* _Work to complete_
Could you reproduce, word for word, everything below from the line containing "166, CLEVELAND WAY, STEVENAGE, SG1" down to the line containing "Чим краще деревяні лазні?", with both of those lines included and no others?

* _Given entries_
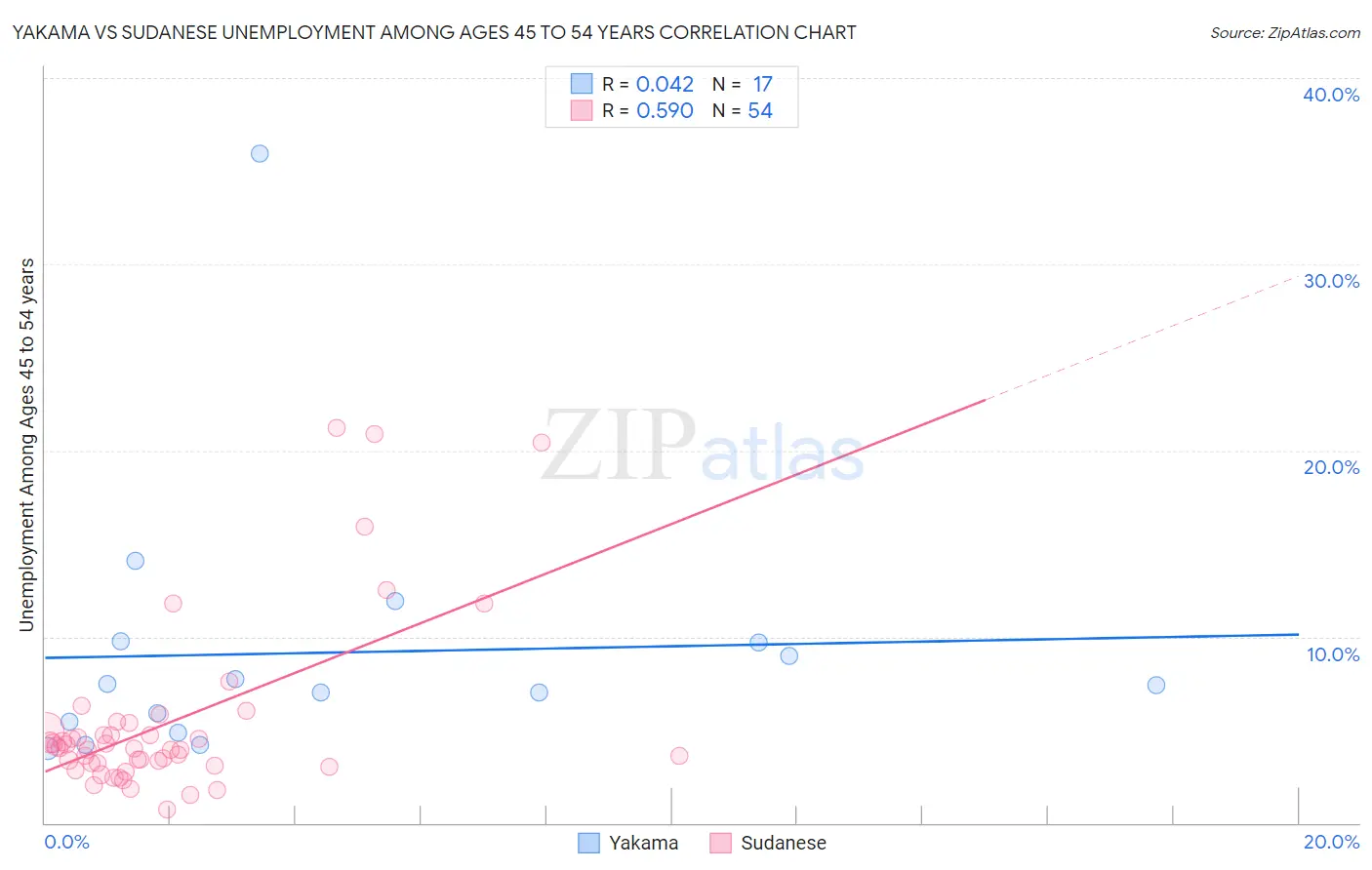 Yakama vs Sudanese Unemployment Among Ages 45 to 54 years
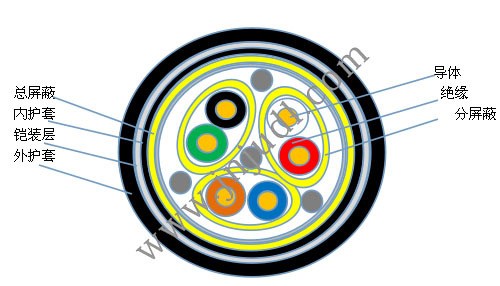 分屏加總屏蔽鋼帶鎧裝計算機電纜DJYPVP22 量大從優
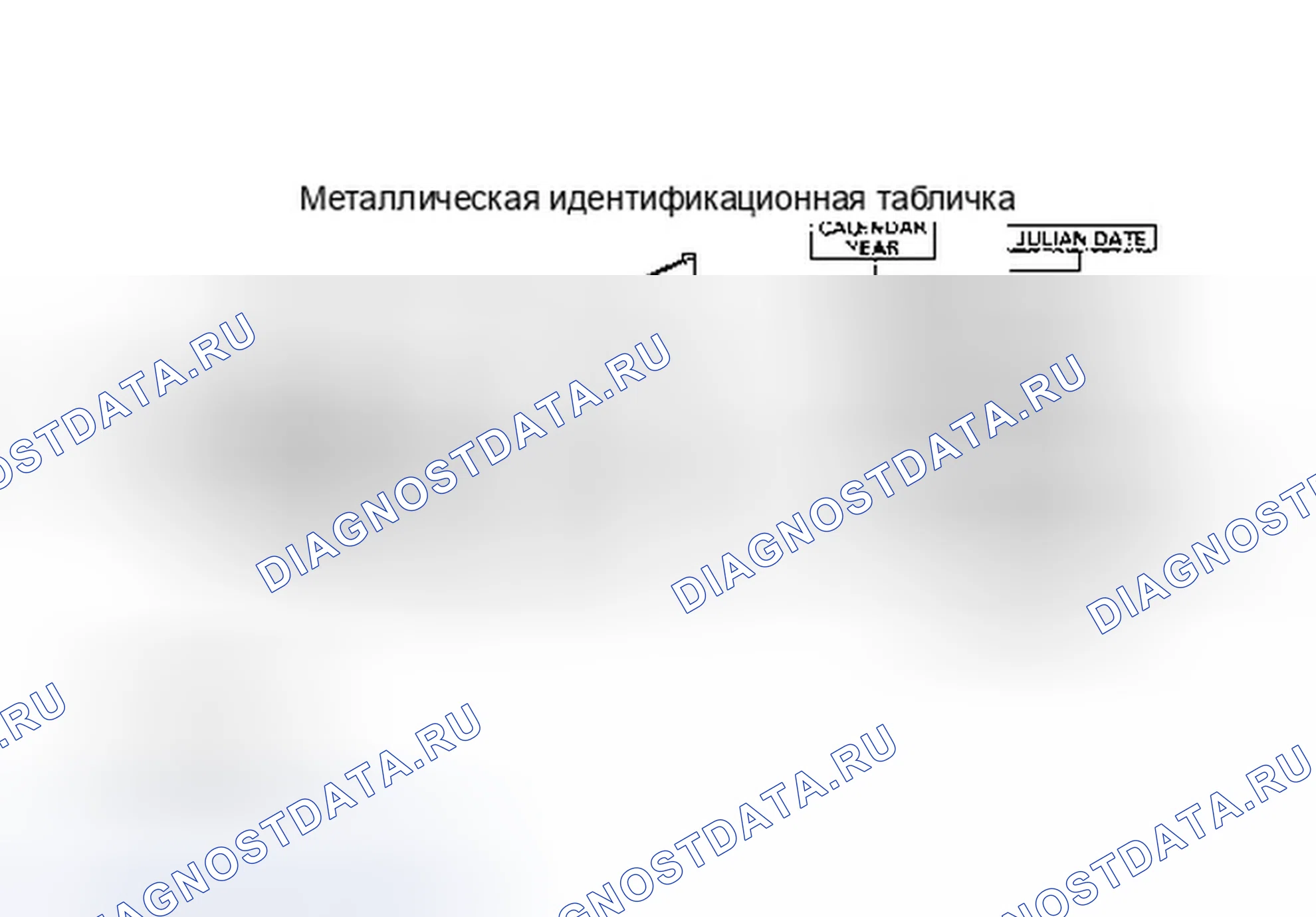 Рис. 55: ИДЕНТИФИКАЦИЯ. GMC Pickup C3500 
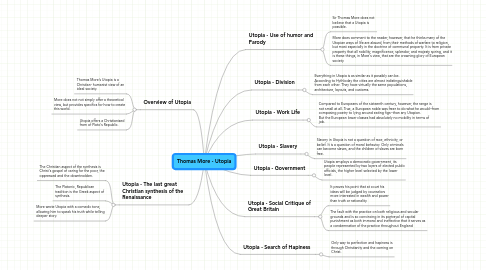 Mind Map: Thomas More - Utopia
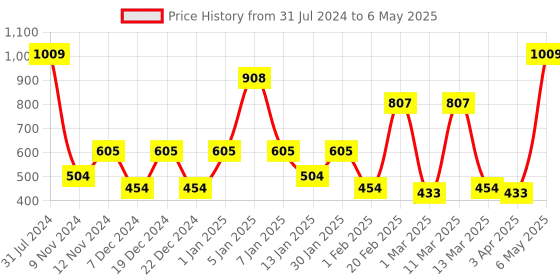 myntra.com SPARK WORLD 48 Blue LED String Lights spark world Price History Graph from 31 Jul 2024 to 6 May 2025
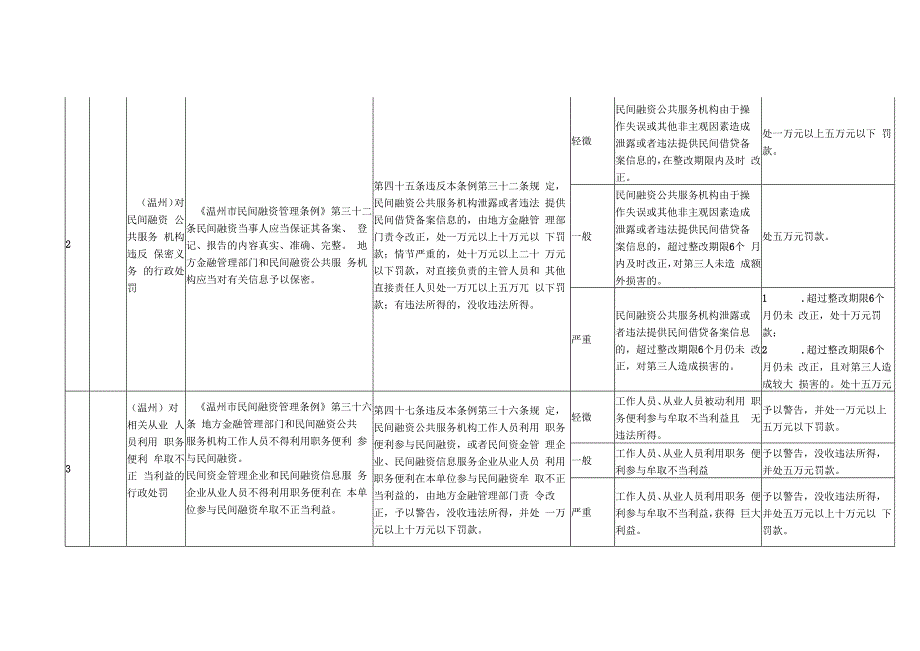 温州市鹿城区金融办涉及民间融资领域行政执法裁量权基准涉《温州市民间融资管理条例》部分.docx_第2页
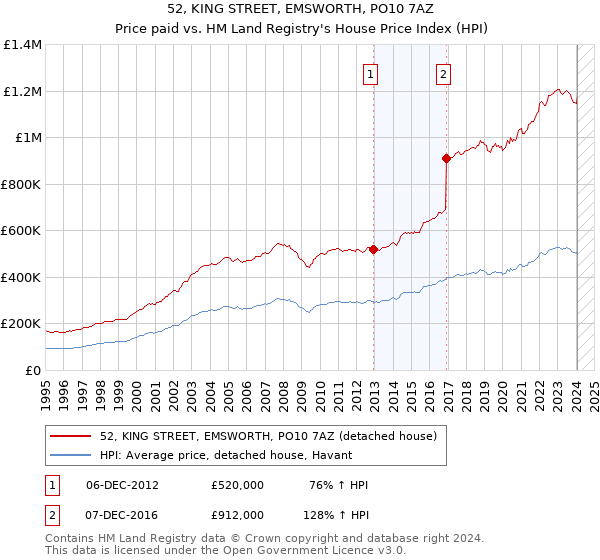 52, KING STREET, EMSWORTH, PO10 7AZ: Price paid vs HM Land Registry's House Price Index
--
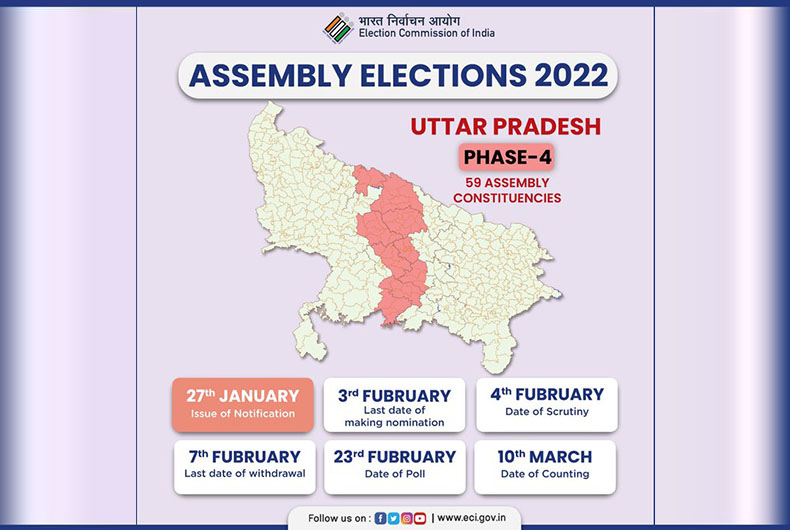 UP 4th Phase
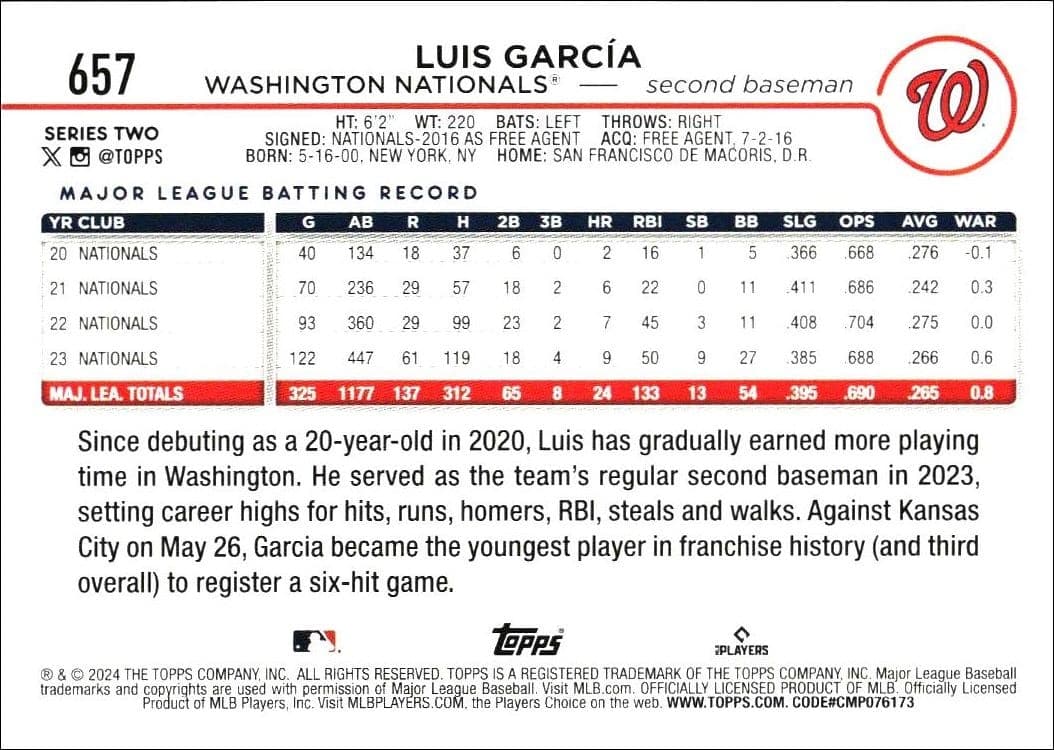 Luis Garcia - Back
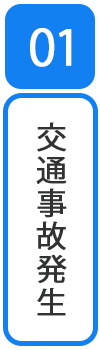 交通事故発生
...
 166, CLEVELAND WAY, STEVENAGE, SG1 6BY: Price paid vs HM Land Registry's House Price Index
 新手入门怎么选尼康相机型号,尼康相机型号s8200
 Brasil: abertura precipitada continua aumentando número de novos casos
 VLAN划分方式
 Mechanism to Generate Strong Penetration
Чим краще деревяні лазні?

* _Task solution_
 166, CLEVELAND WAY, STEVENAGE, SG1 6BY: Price paid vs HM Land Registry's House Price Index
 新手入门怎么选尼康相机型号,尼康相机型号s8200
 Brasil: abertura precipitada continua aumentando número de novos casos
 VLAN划分方式
 Mechanism to Generate Strong Penetration
Чим краще деревяні лазні?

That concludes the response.